3) German Computer Misuse Act

a) Background

Germany has classified the following computer crime as offences: 1) data spying, 2) computer fraud, 3) forgery of prohibitive data, 4) alteration of data, 5) computer sabotage.

b) Offences and Punishments:
  1. Data spying Imprisonment up to 3 years or fine
  2. Computer fraud Imprisonment up to 5 years or fine
  3. Forgery of probative data Imprisonment up to 5 years or fine
  4. Alteration of data Imprisonment up to 2 years or fine
  5. Computer sabotage Imprisonment up to 5 years or fine
c) Evaluation

Interesting is, that the computer crimes were implemented to the StGB, the German Criminal Code, under § 263a computer fraud (§ 263 is the code for fraud), § 202a. Data Espionage, § 303a: Alteration of Data, § 303b Computer Sabotage. Problems in legislature arouse in the past decade, due to computer crimes, that couldn’t be prosecuted as either fraud or theft. The code of fraud demands, that a natural person is being betrayed, which of course a computer can’t fulfil. Germany has had serious troubles with groups of hackers (for example the Computer Chaos Club), and demanded a strict legislation to battle this new form of crime. In fact, an EEC study[5] showed that in Germany 4112 cases of computer crimes were reported to the police during 1995. About 60 per cent of these cases were considered by the Police to be case of computer crime under Penal Code. By now the figure has reached over 60.000 reported cases, whereas those figures do not include the uncovered ones. According to a study conducted by European Commission (EEC) investigations a few years ago, indicated losses from computer manipulation between 15,000,000 and 20,000,000 DM, which in some cases were even higher in the following years. Germany has very well adapted CMA compared to the UK and other European Countries. Different from the UK CMA the German legislator has emphacised, that he will convict anyone spying on, or sabotaging Data, which is one of the most feared economic threats for German companies. Reason for this step might also be found in Germany’s history, especially the role it played before the German Unification of 1989. You could also say, that the punishments leave judges a wider range on which they can react, if found guilty of a computer crime, but the general tendencies show, that this hasn’t become practice. In fact, even though many computer crimes are registered each year, the decisions of judges has been relatively mild. Of course this is also dues to the fact that the field of computer crimes is very young, and other codes of criminal law have caught the attention of the legislators in the 6th criminal reform from 1998. Germany will certainly be watching the development of computer crime very closely, but will probably wait for any further EU suggestions, or regulations on this subject.

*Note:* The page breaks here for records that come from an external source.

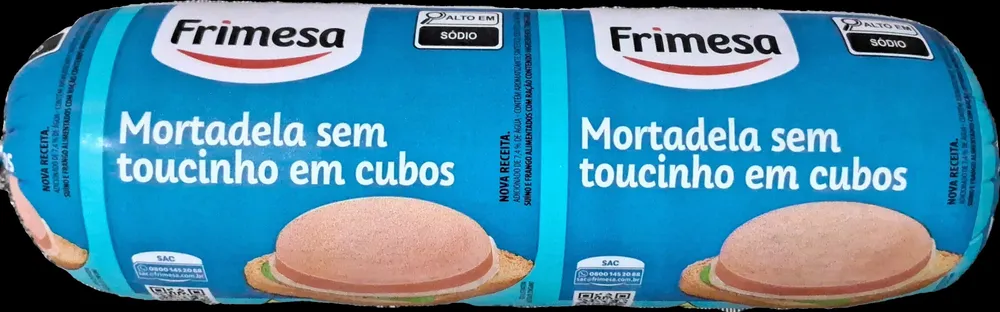 Mortadela sem toucinho em cubos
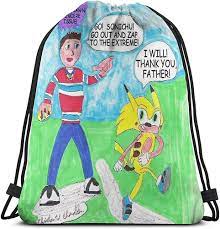 Amazon.com | Sonichu #0 Cover Waterproof Foldable Sport Sackpack Gym Bag  Sack Drawstring Backpack | Drawstring Bags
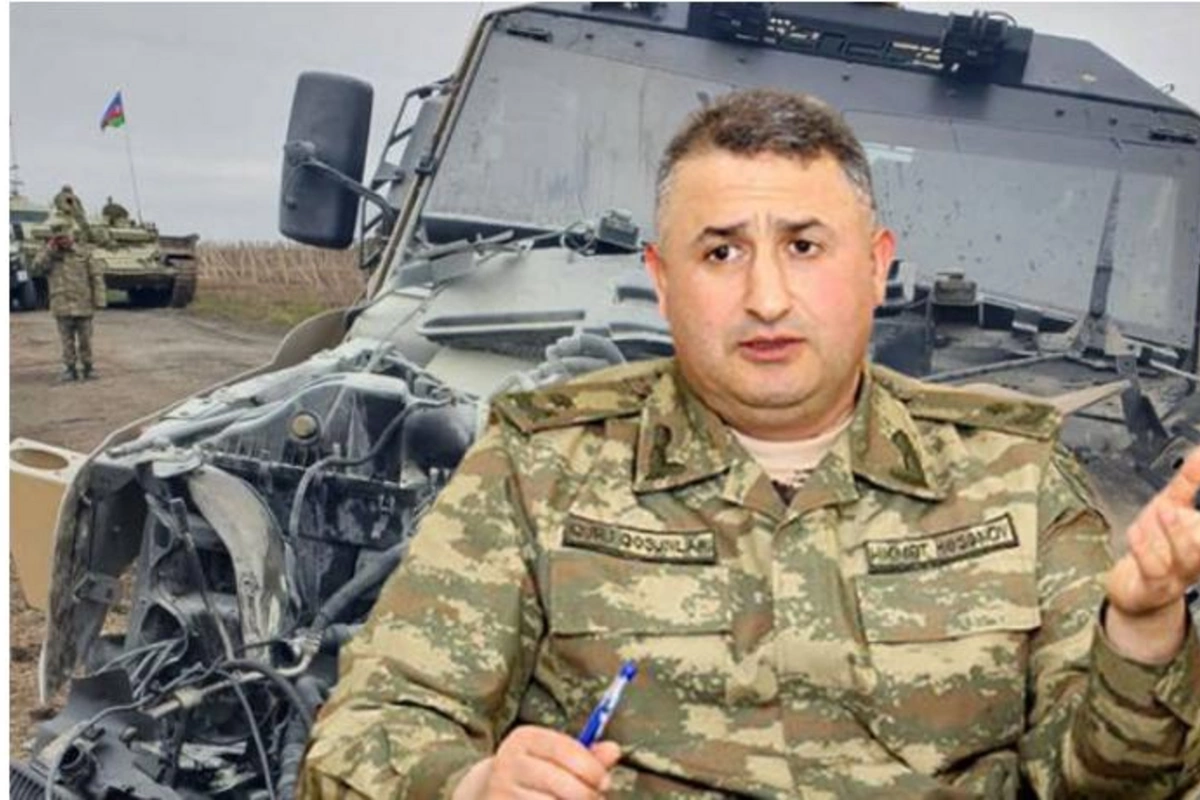 General-mayor Hikmət Həsənov danışdı: “Avtomobilim minaya düşüb”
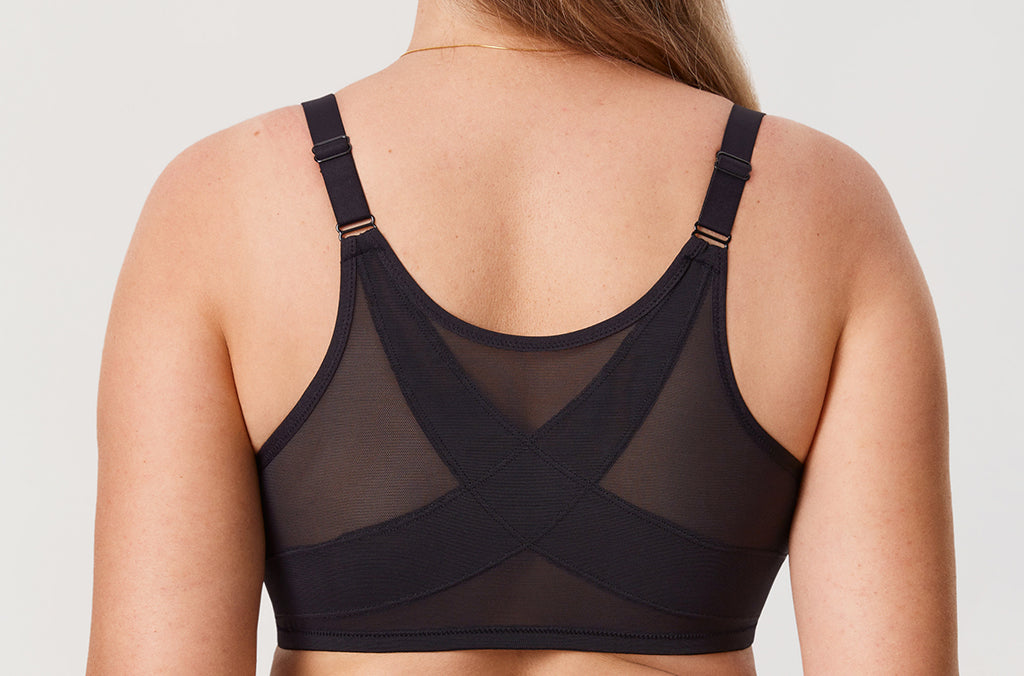 Women's Lace Front Closure Posture Bra Rose Smoked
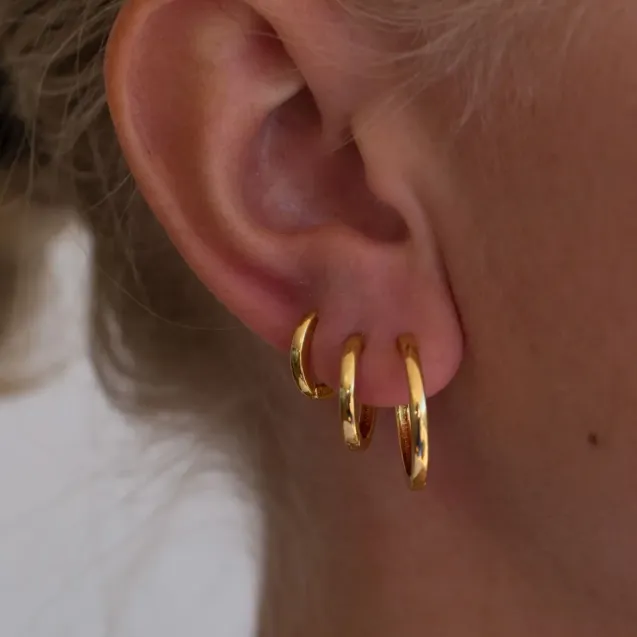 20mm Basic Hoops Gold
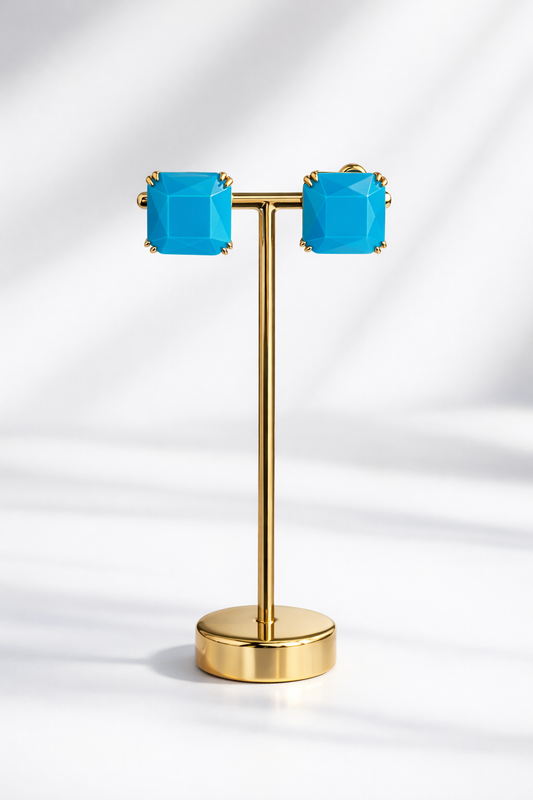 Azure Stud Earrings
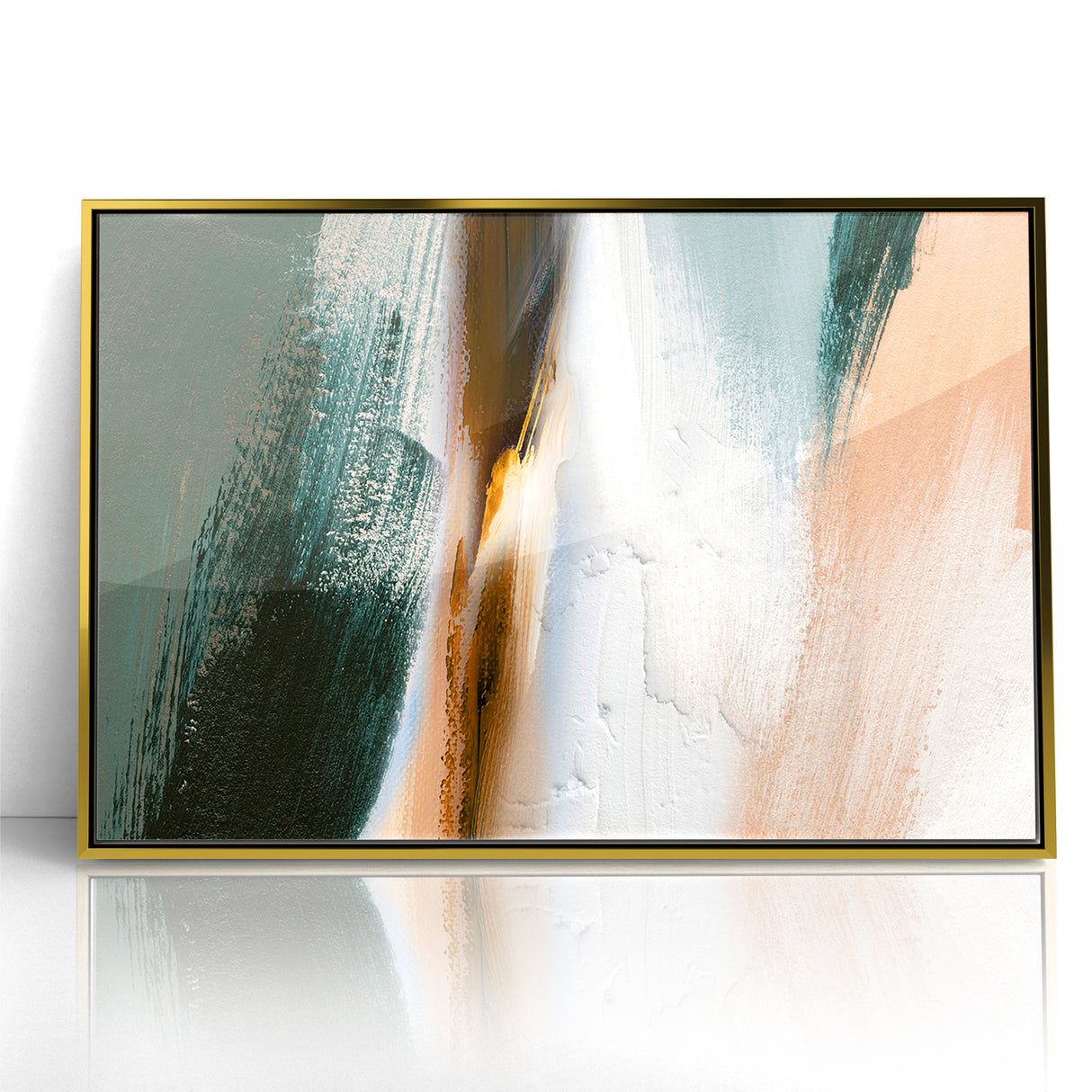 Abstract Serenity | Earthy Tones & Minimalist Brush Strokes Art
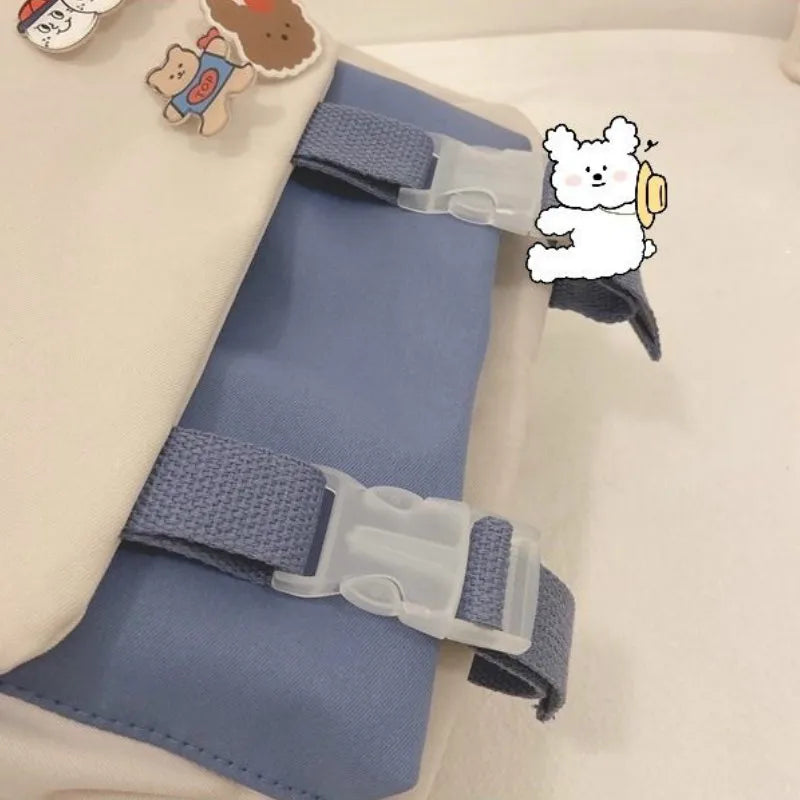 Waterproof Floral Backpack Women Big Capacity Ulzzang Style Ins School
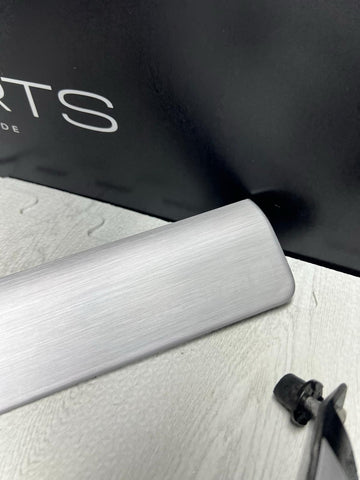 01-06 BMW E46 M3 Interior Dashboard Radio Trim Brushed Aluminum Dash Set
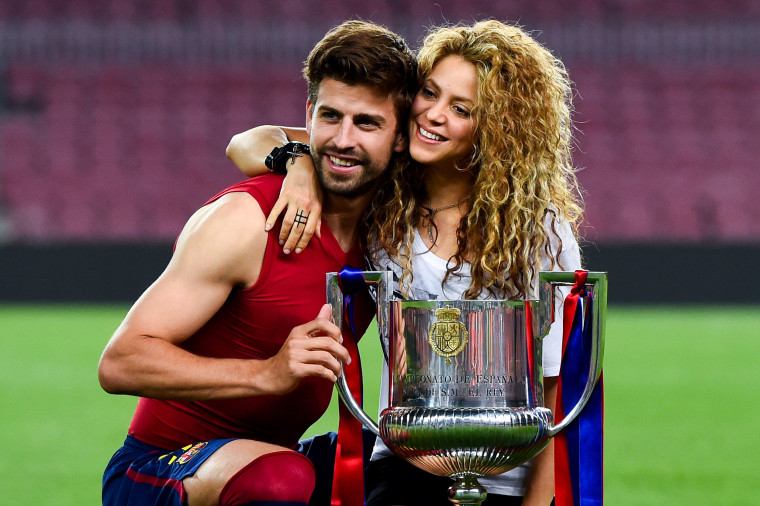 Gerard Pique and Shakira in Barcelona, Spain, on May 30, 2015.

4) Comparison in perspective

In Comparison the German CMA only differs in structure compared to the UK model. Even though one might arguer, that German law may punish someone harsher, than in the UK, this really doesn’t create a great gap between the two acts. Then again the Singapore Computer Misuse Act definitely reviles the other side of the coin. This country has misinterpreted the threat of computer crime. Through harsh laws the legislator wants to prevent any potential perpetrator to commit computer crime. That this form of prevention does not work can be seen in any study done: harsher laws doesn’t necesserely prevent someone from committing a crime.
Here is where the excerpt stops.